ABOUT THIS TASK
Restate the full listing word for word and leave the pictures out.

### STUDY MATERIAL

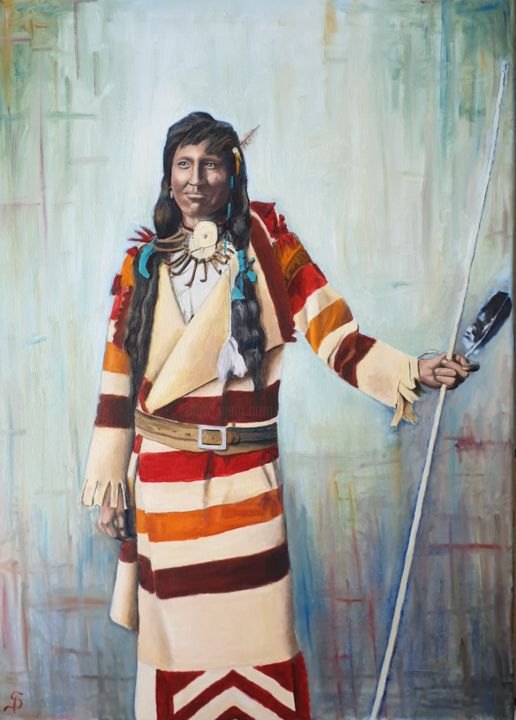 Painting titled "Indien Assiniboine" by Sebastien Devore (Art-bracadabrac), Original Artwork, Oil Mounted on Wood Stretcher…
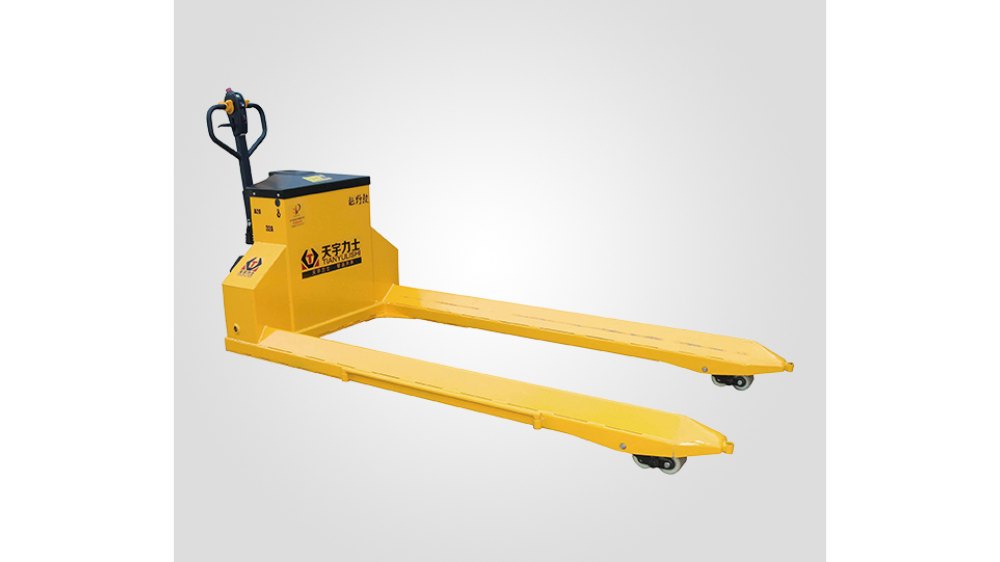 Yellow Tianyu Lishi electric pallet truck, walkie-style warehouse pallet jack with safety controls.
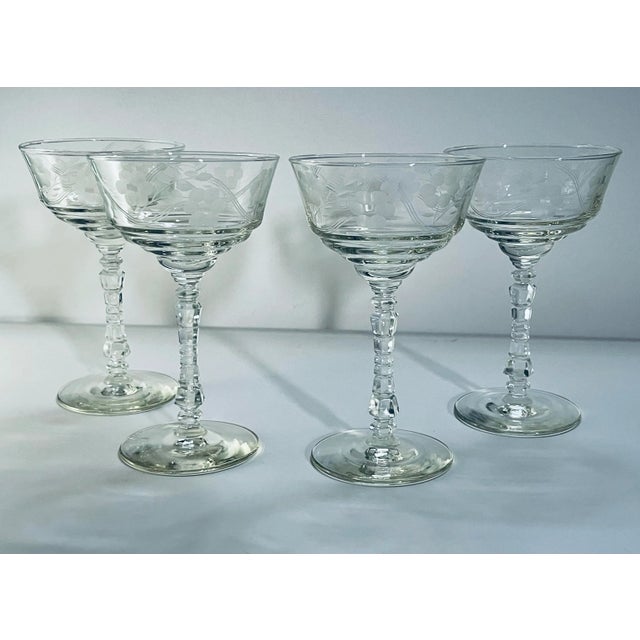 Glass Mid 20th Century Libbey Rock Sharpe Champagne Coupes- Set of 4 For Sale - Image 7 of 9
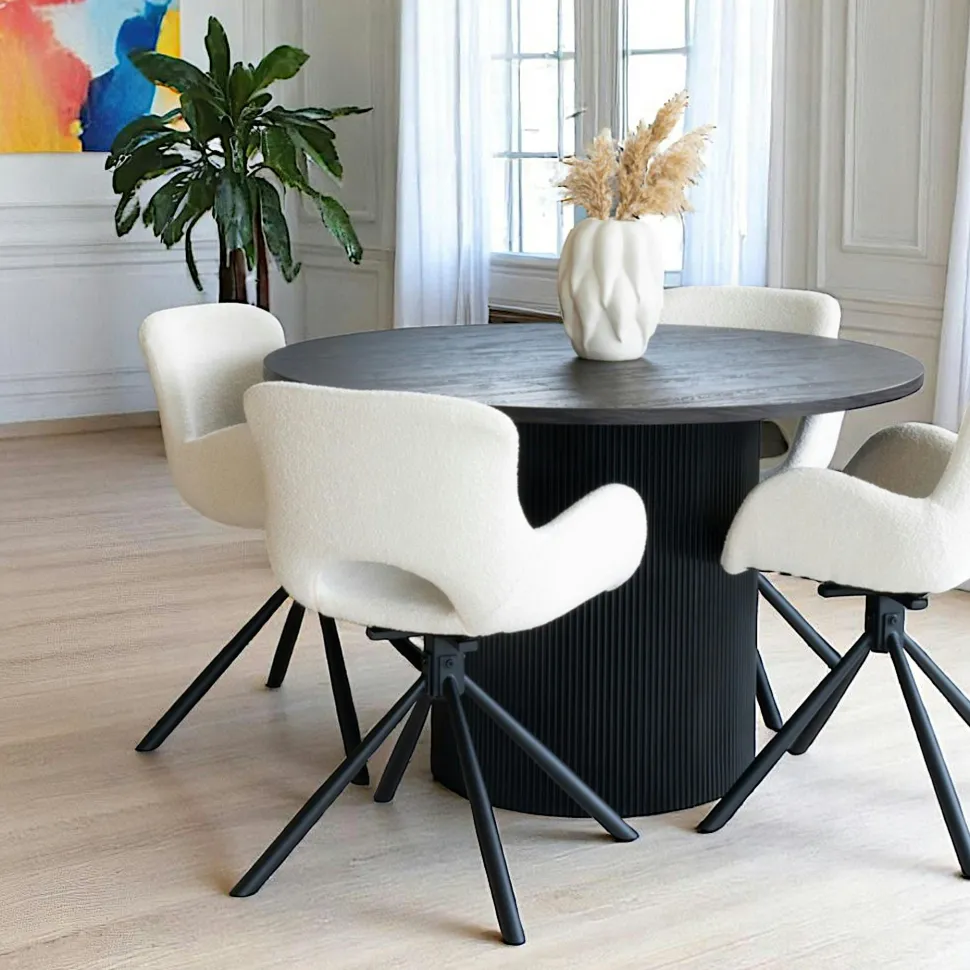 Table à manger ovale effet bois foncé 210 cm MATERA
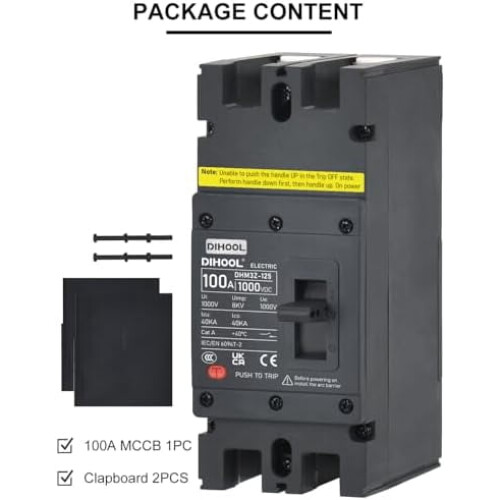 100A DC Circuit Breaker Dual Pole 1000V 2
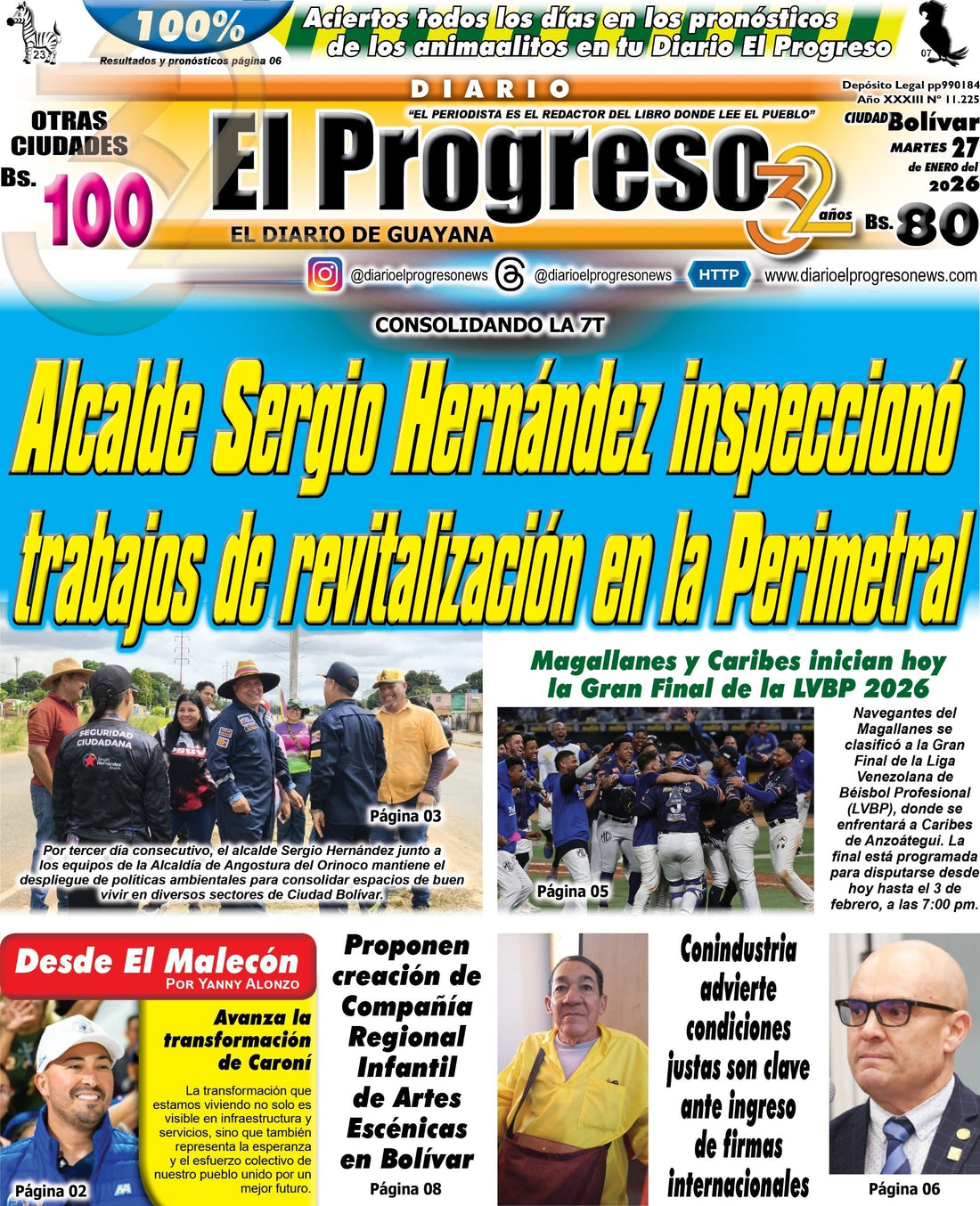 TITULARES DIARIO EL PROGRESO  EDICIÓN MARTES 27 DE ENERO DE 2026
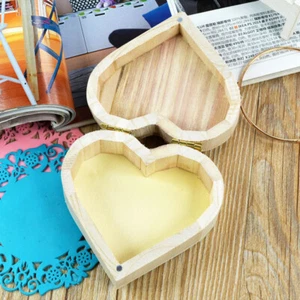 Heart Keepsake Box Heart Shaped Vintage Box Wooden Organizer Box - Picture 1 of 12
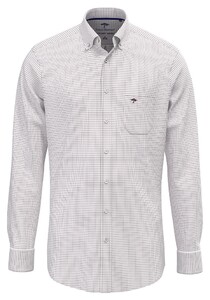Fynch-Hatton Mini Check Oxford Button-Down Shirt Deep Merlot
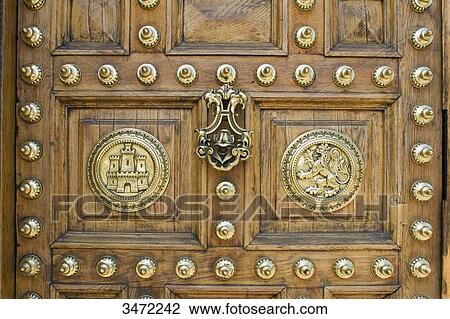 Stock Image - Spain, Catalonia, Barcelona, Passei de Colom, door of the harbour master's office.. Fotosearch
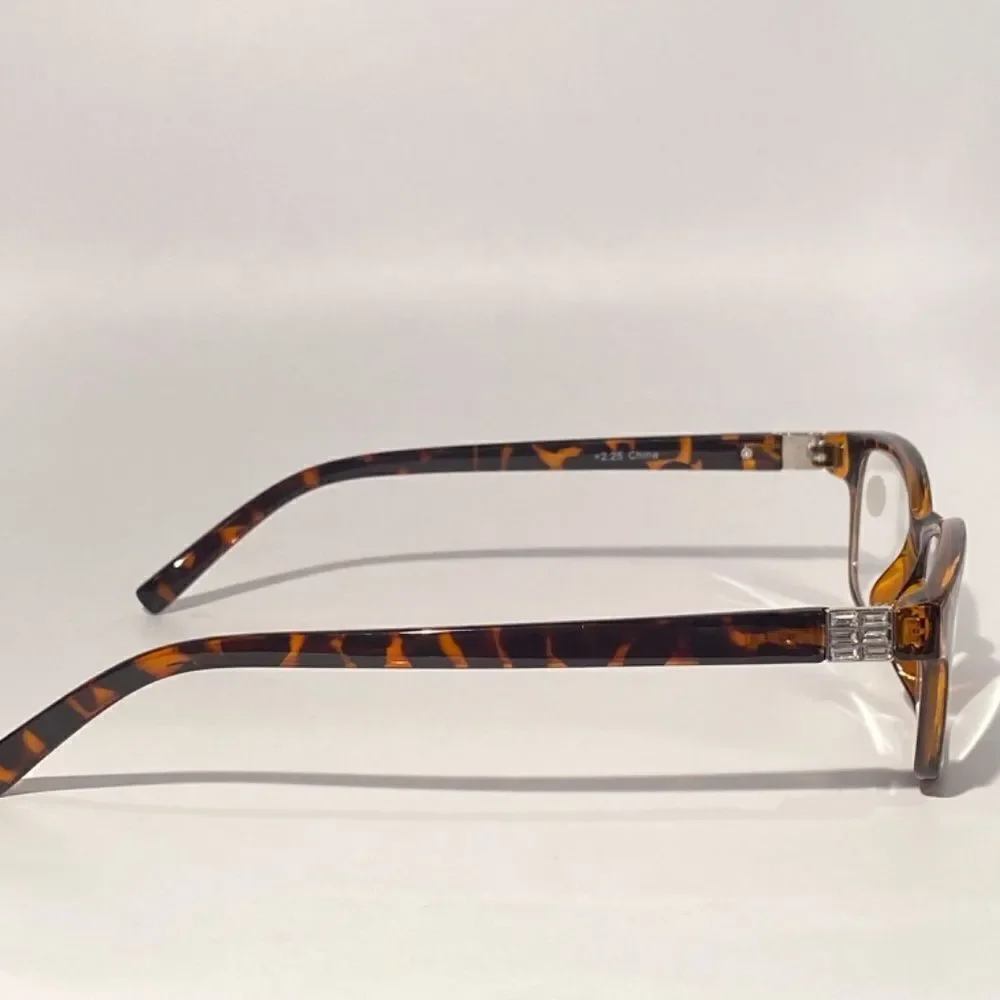 Reading Glasses 2.25 Tortoise with Decorative Silver Detail Readers NWT - Picture 5 of 7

######

RESPONSE BOX
 Painting titled "Indien Assiniboine" by Sebastien Devore (Art-bracadabrac), Original Artwork, Oil Mounted on Wood Stretcher…
 Yellow Tianyu Lishi electric pallet truck, walkie-style warehouse pallet jack with safety controls.
 Glass Mid 20th Century Libbey Rock Sharpe Champagne Coupes- Set of 4 For Sale - Image 7 of 9
 Table à manger ovale effet bois foncé 210 cm MATERA
 100A DC Circuit Breaker Dual Pole 1000V 2
 TITULARES DIARIO EL PROGRESO  EDICIÓN MARTES 27 DE ENERO DE 2026
 Heart Keepsake Box Heart Shaped Vintage Box Wooden Organizer Box - Picture 1 of 12
Fynch-Hatton Mini Check Oxford Button-Down Shirt Deep Merlot
 Stock Image - Spain, Catalonia, Barcelona, Passei de Colom, door of the harbour master's office.. Fotosearch
 Reading Glasses 2.25 Tortoise with Decorative Silver Detail Readers NWT - Picture 5 of 7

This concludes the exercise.